Veteranyi fue artista circense, payaso, actor y aficionado a
filmar cantidad de películas caseras que nunca tuvieron destino alguno. Estos
menesteres lo llevaron a recorrer Europa, África, pasar por los Estados Unidos
y terminar recalando en Argentina a mediados de los ochenta. Finalmente,
Tandarica, tal su nombre artístico, alcanzó su anhelada fama con aquel
recordado personaje de mozo torpe, que adeudaba no poco a Chaplin. Participaría
en cantidad de películas y programas de TV hasta su muerte, en Buenos Aires, en
1995. Muy atrás, muy lejos, habían quedado su mujer, sus hijas y el circo.
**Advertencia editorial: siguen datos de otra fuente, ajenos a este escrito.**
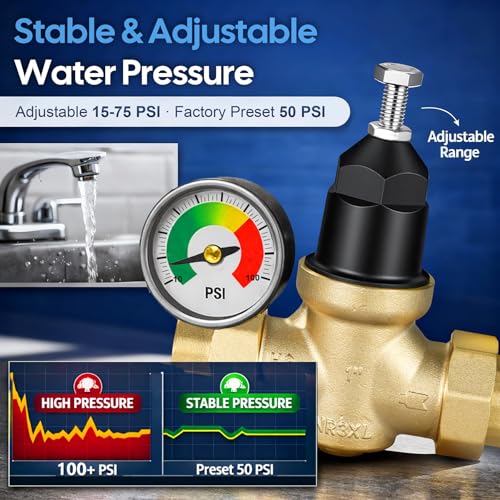 1-NR3XLDU 1" Pressure Reducing Valve with Double Union FNPT Connection Replace Zurn Wilkins Water Pressure Regulator for Home, Adjustable 15–75 PSI for Residential Main Water Lines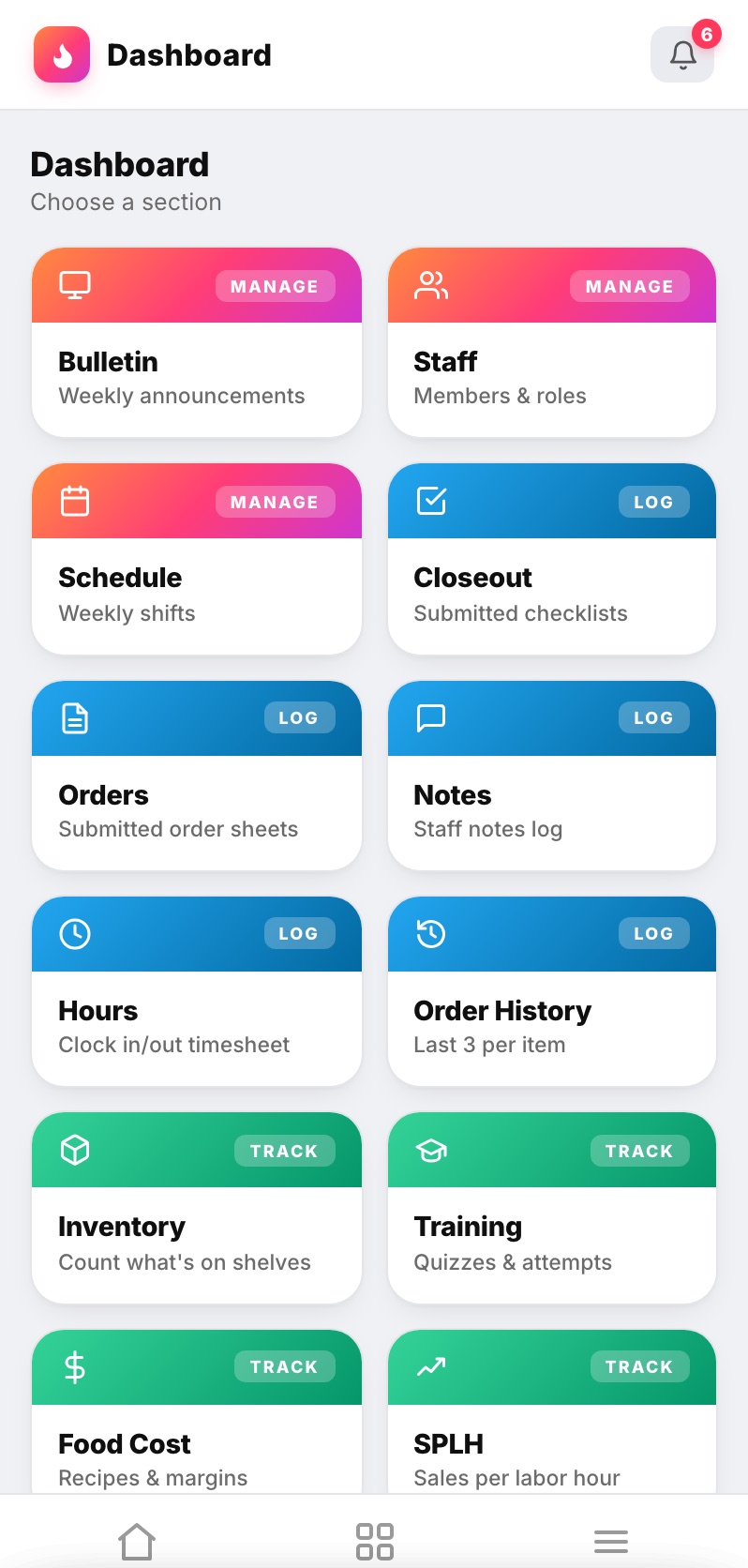 The Ember and Oak manager dashboard in Crewli, with bulletin, staff, schedule, closeouts, inventory and food cost in one screen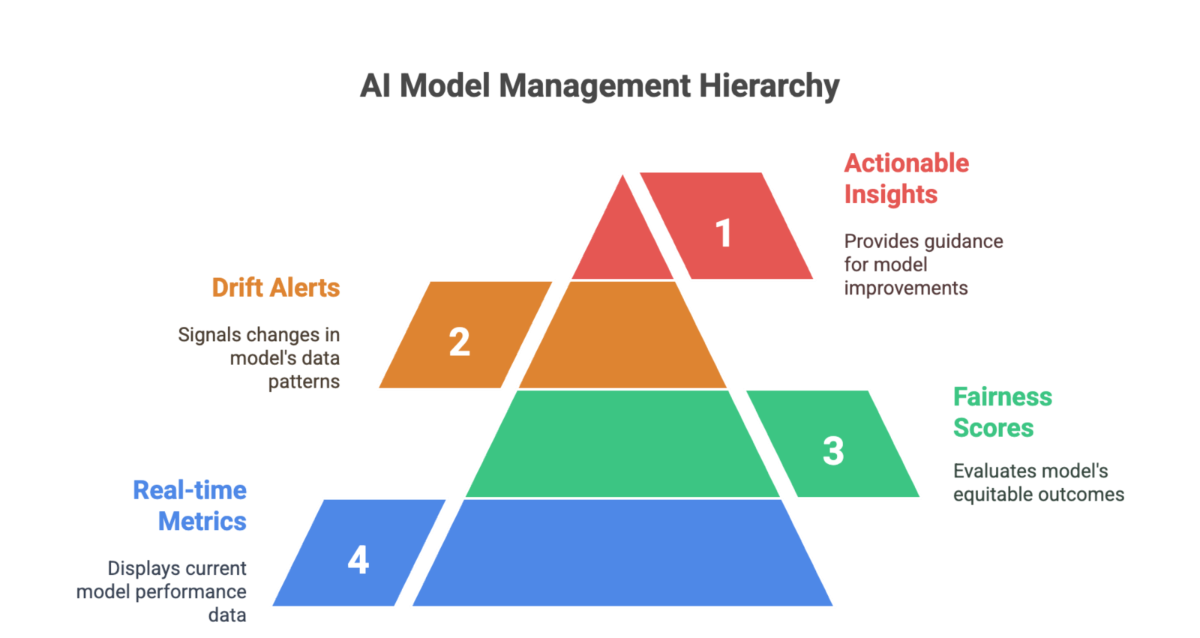 model monitoring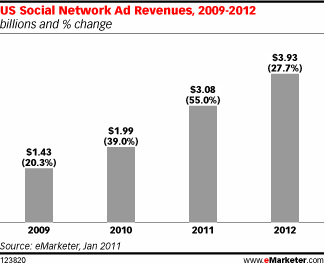 Cresce (e alla grande) la spesa pubblicitaria sui Social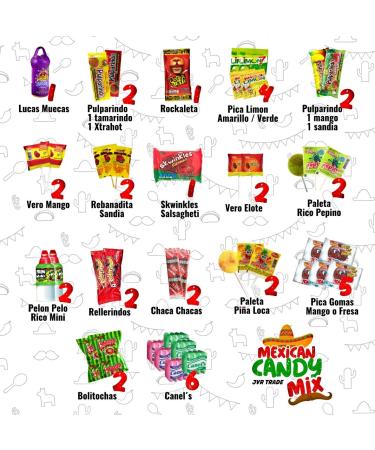 Mexican Candy Mix Assortment - 42 Count Dulces Mexicanos Variety | Spicy & Sweet Snacks by JVR TRADE - Buy Online on GoSupps.com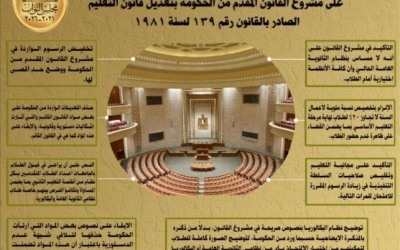 أبرز التعديلات في قانون التعليم من اللجنة البرلمانية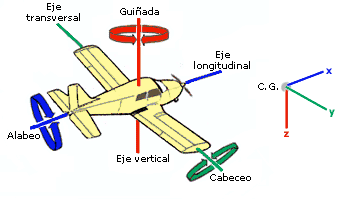 ejes_Avion1.gif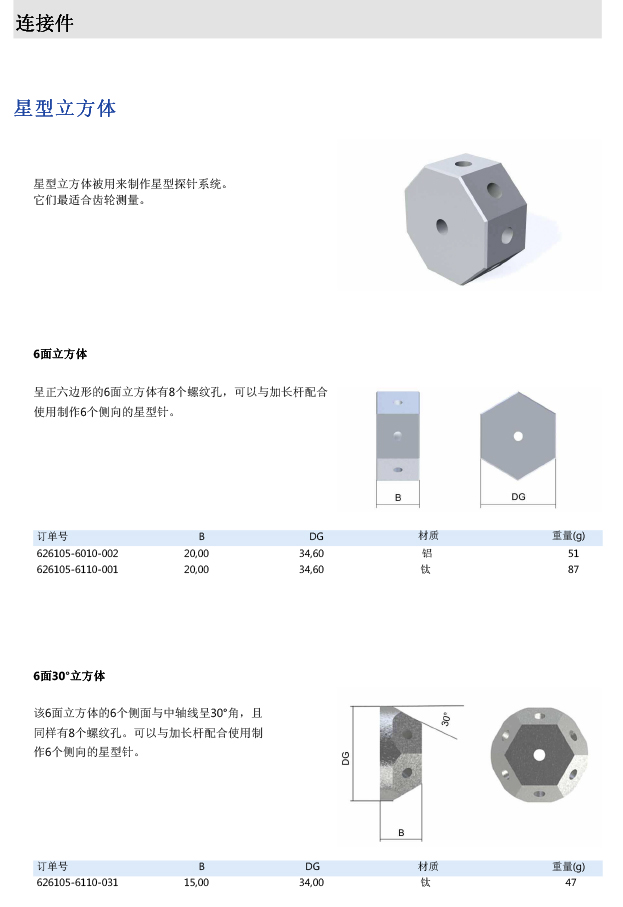 ZEISS 高品質(zhì) 德國原裝進(jìn)口 M5探針目錄-33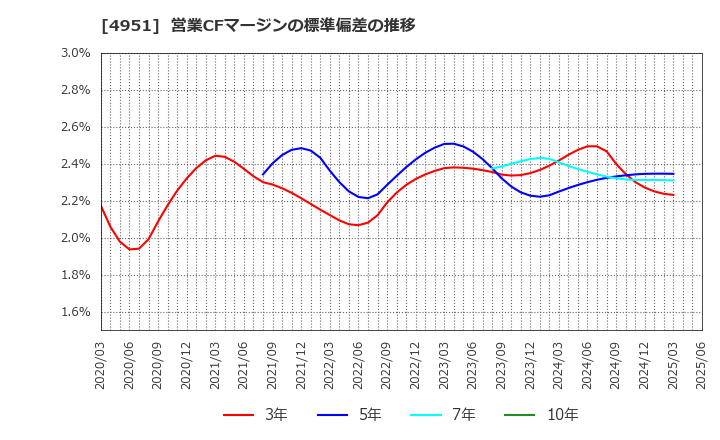 4951 エステー(株): 営業CFマージンの標準偏差の推移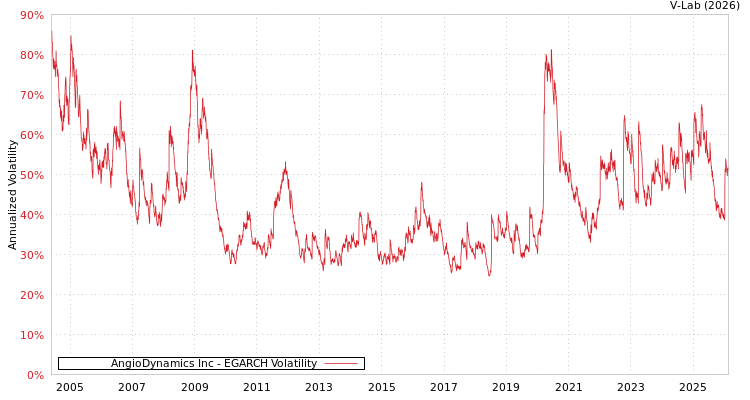 graph of AngioDynamics Inc EGARCH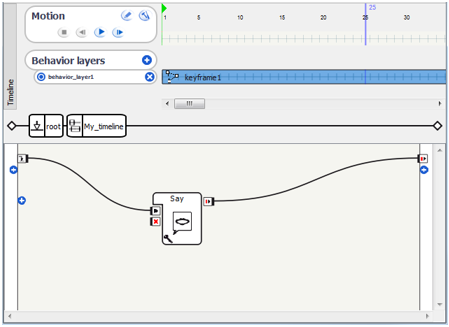 ../../../_images/flow_diagram_timeline_en.png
Aglaja, con apenas quince años, había escapado a Suiza en solitario. Allí se
estableció y, sin haber recibido una educación formal, casi analfabeta, se
vinculó al ambiente artístico y acabó siendo una reconocida actriz, docente y
escritora que dominaba el alemán, el rumano y el español. Fundó un grupo
literario y un grupo teatral, escribió narrativa, obras de teatro, poemas, y
diversos textos para diarios y revistas. En su primera novela –única editada en
vida- Por qué se cuece el niño en la polenta, Aglaja reconstruye –o recupera-
la voz de la niña que fue para contar, con la sinceridad despiadada de un niño,
la historia autobiográfica de su infancia, el derrotero geográfico, social y emocional
de unos primeros años que revelan las marcas de su origen, los anclajes y,
seguramente, las decisiones de la Aglaja mujer.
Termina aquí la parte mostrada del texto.